* **Problem description**: Exclude the pictures, then restate exactly each line of the data below from the first through the line containing "DIA requires ProteoWizard".

* **Input data**:

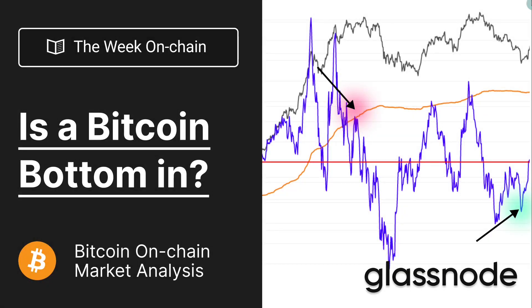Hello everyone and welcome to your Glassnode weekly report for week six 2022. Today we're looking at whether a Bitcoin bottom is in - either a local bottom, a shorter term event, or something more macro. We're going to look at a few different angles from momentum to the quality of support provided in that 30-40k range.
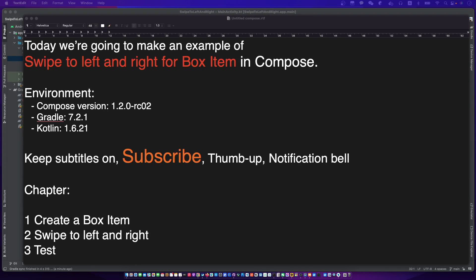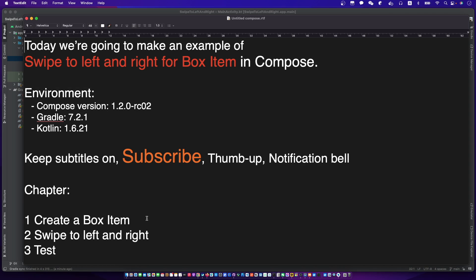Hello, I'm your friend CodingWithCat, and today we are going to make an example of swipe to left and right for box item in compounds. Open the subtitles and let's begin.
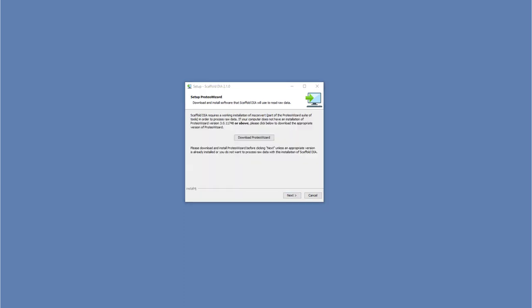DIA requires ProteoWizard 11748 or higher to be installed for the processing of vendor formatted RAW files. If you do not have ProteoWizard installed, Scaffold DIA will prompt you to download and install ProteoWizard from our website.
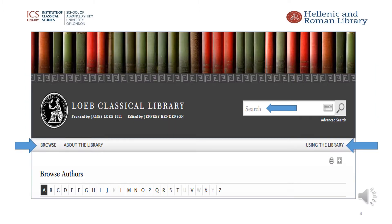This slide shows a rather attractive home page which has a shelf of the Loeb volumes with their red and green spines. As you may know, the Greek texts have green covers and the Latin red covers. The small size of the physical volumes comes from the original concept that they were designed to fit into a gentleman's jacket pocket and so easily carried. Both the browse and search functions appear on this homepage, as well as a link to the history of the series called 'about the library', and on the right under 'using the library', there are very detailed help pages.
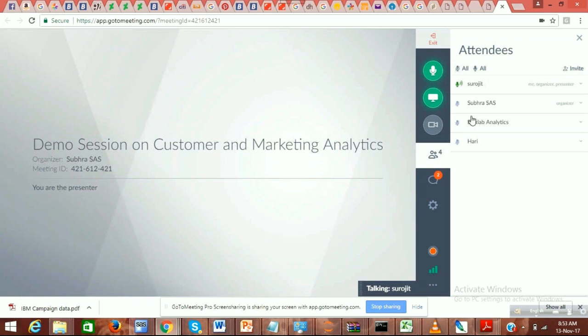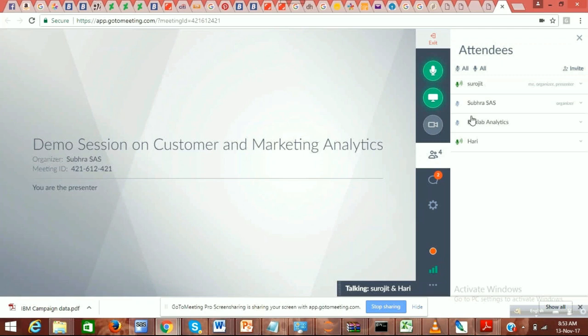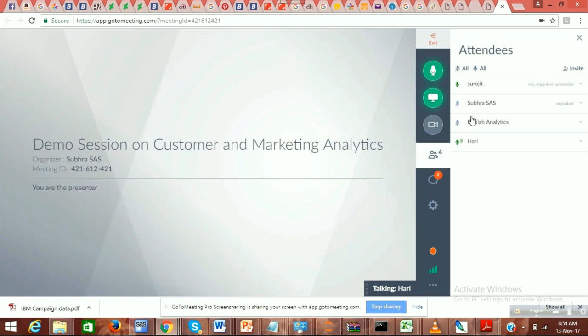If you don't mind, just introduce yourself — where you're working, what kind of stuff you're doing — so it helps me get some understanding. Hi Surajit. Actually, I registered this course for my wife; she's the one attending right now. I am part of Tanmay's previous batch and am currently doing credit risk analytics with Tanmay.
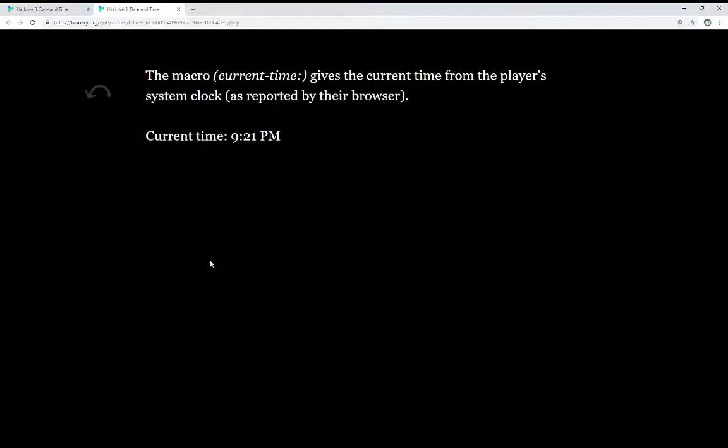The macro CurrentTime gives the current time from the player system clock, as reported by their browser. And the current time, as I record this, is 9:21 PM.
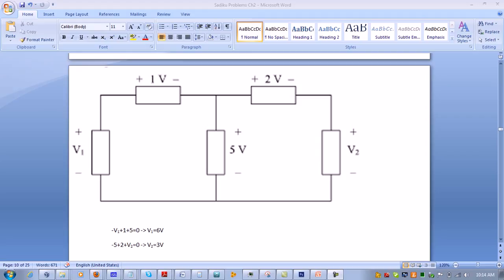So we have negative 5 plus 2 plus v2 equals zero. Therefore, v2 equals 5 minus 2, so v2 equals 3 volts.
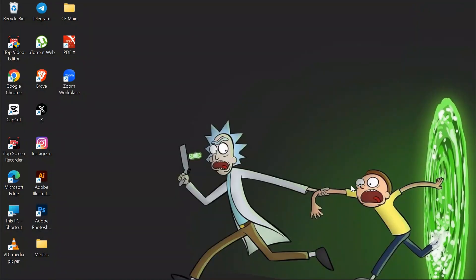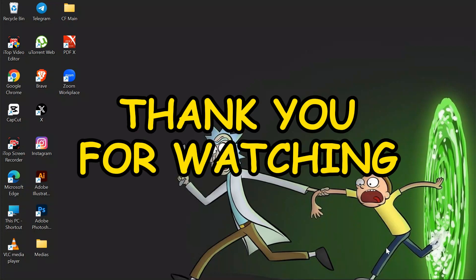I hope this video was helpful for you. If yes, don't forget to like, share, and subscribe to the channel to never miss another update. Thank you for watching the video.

* **Result of this task**:
Hello everyone and welcome to your Glassnode weekly report for week six 2022. Today we're looking at whether a Bitcoin bottom is in - either a local bottom, a shorter term event, or something more macro. We're going to look at a few different angles from momentum to the quality of support provided in that 30-40k range.
Hello, I'm your friend CodingWithCat, and today we are going to make an example of swipe to left and right for box item in compounds. Open the subtitles and let's begin.
DIA requires ProteoWizard 11748 or higher to be installed for the processing of vendor formatted RAW files. If you do not have ProteoWizard installed, Scaffold DIA will prompt you to download and install ProteoWizard from our website.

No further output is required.